#### WHAT IS BEING ASKED:
What this exercise needs is every entry restated as written, with no pictures.

━━━━━ INPUT DATA

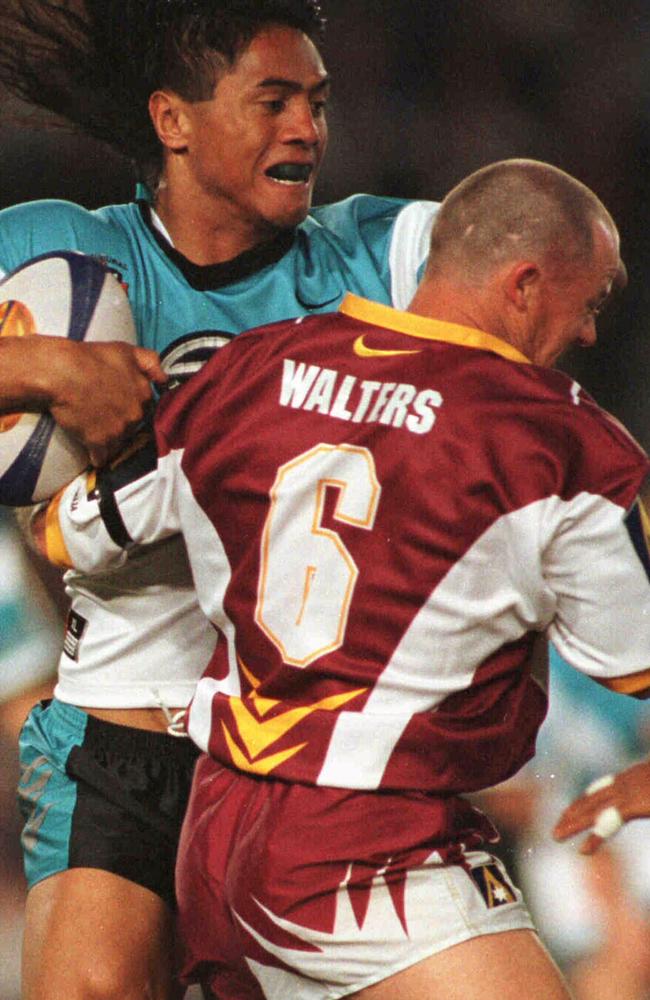 Kevin Walters with his surname on a Broncos jersey in 1997.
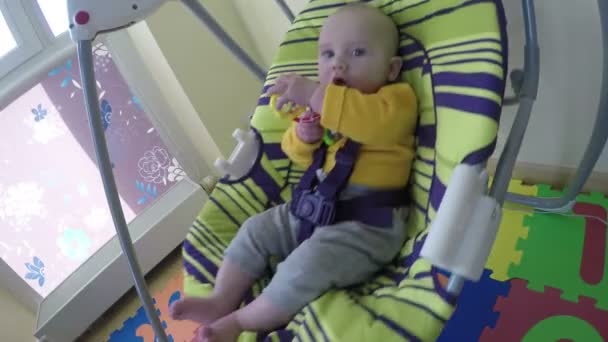 Lindo bebé con balanceo de juguete en columpio colorido en casa. 4K — Vídeo de stock
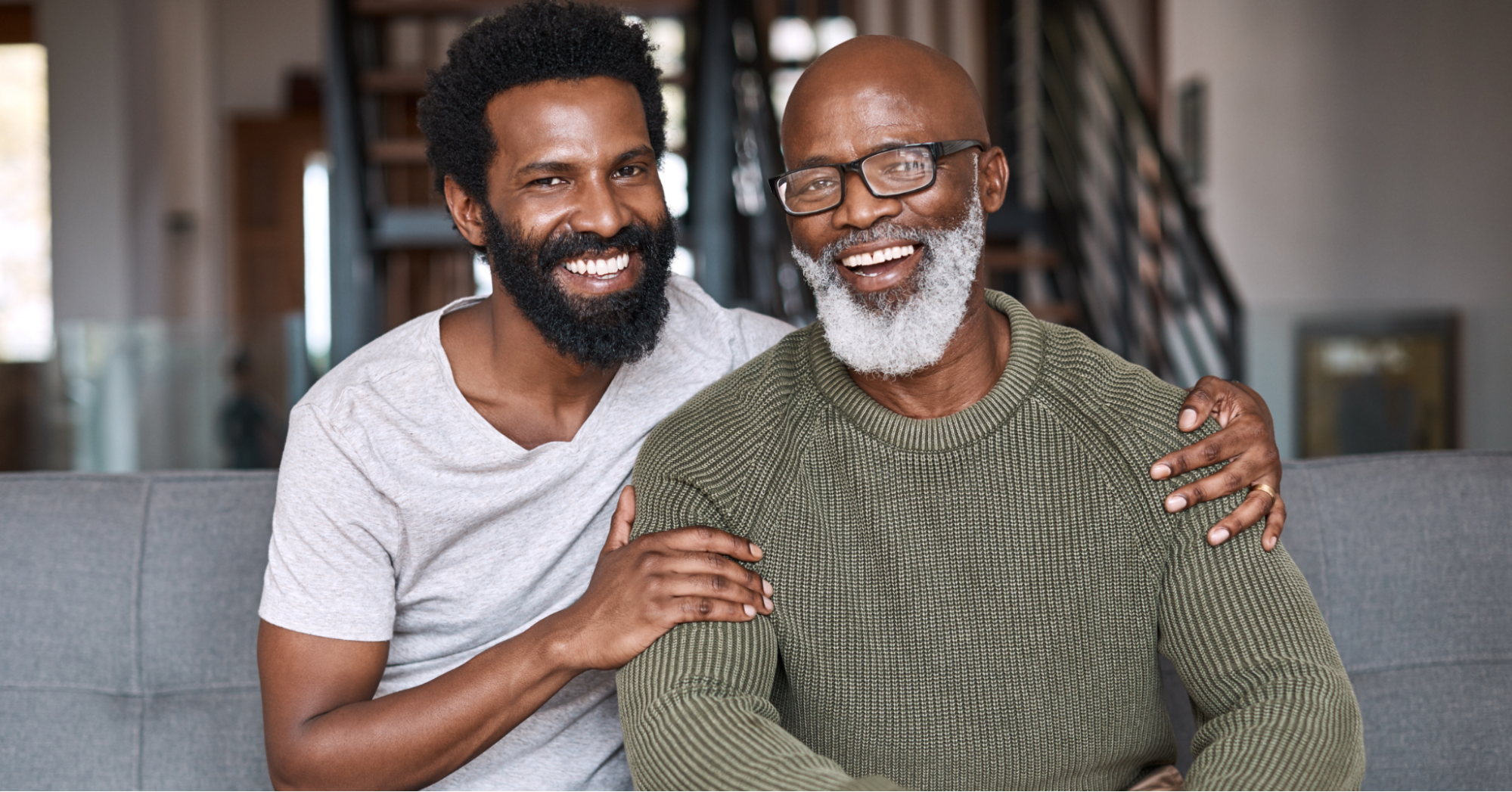 Elderly Black father with beard and glasses sitting with middle-aged Black son on the couch, smiling at the camera after having a conversation about prostate screening
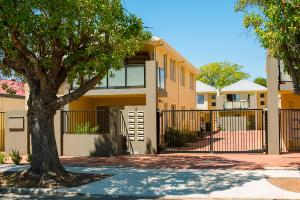 a house with a fence and a tree in front of it at Midland Haven - Midland WA in Midland Junction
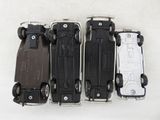 four toy cars sitting side by side on a white surface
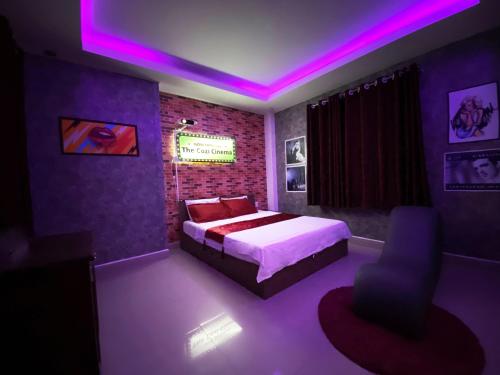 Cozi 9 Hotel - Theme Hotelにあるベッド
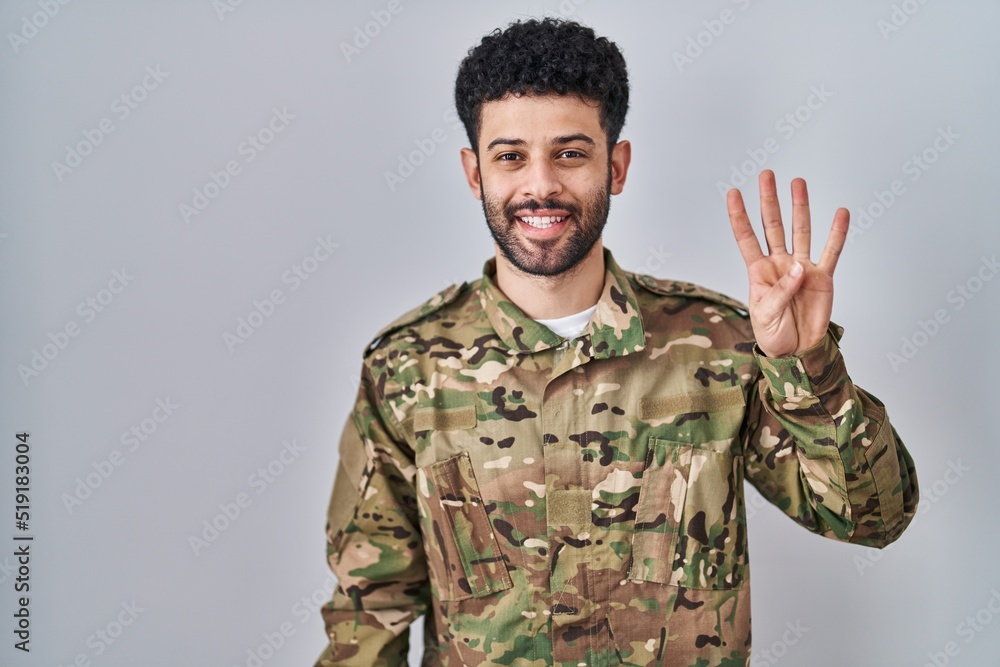 Arab man wearing camouflage army uniform showing and pointing up with fingers number four while smiling confident and happy. Arab man wearing camouflage army uniform showing and pointing up with fingers number four while smiling confident and happy.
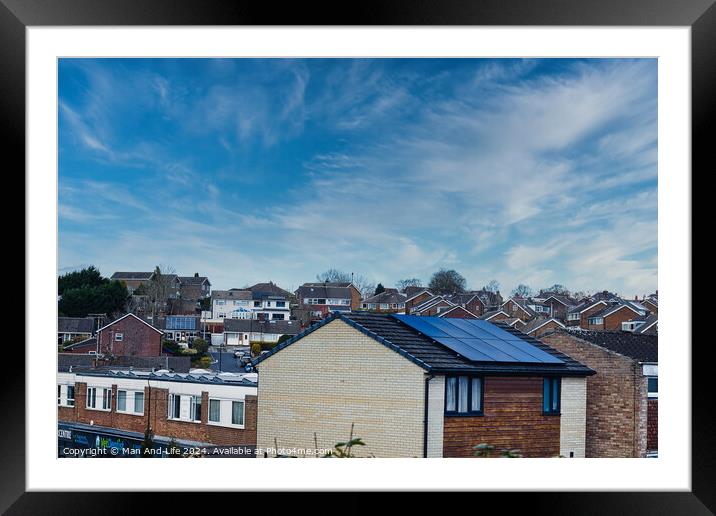Suburban landscape with residential houses featuring solar panels under a dynamic blue sky with wispy clouds, showcasing sustainable living in a modern neighborhood in Harrogate, North Yorkshire. Framed Mounted Print by Man And Life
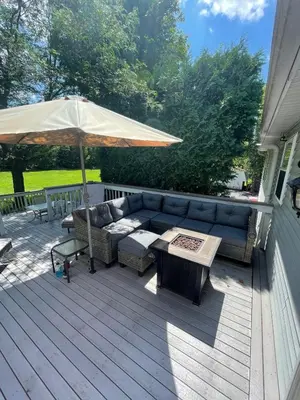 a patio with a couch and an umbrella at Quiet Guest Space with Hot Tub, Laundry, and Gym in Chagrin Falls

━━━━━━━━━━

#### EXERCISE SOLUTION:
 Kevin Walters with his surname on a Broncos jersey in 1997.
 Lindo bebé con balanceo de juguete en columpio colorido en casa. 4K — Vídeo de stock
 Elderly Black father with beard and glasses sitting with middle-aged Black son on the couch, smiling at the camera after having a conversation about prostate screening
 a house with a fence and a tree in front of it at Midland Haven - Midland WA in Midland Junction
 four toy cars sitting side by side on a white surface
 Cozi 9 Hotel - Theme Hotelにあるベッド
 Arab man wearing camouflage army uniform showing and pointing up with fingers number four while smiling confident and happy. Arab man wearing camouflage army uniform showing and pointing up with fingers number four while smiling confident and happy.
Suburban landscape with residential houses featuring solar panels under a dynamic blue sky with wispy clouds, showcasing sustainable living in a modern neighborhood in Harrogate, North Yorkshire. Framed Mounted Print by Man And Life
 a patio with a couch and an umbrella at Quiet Guest Space with Hot Tub, Laundry, and Gym in Chagrin Falls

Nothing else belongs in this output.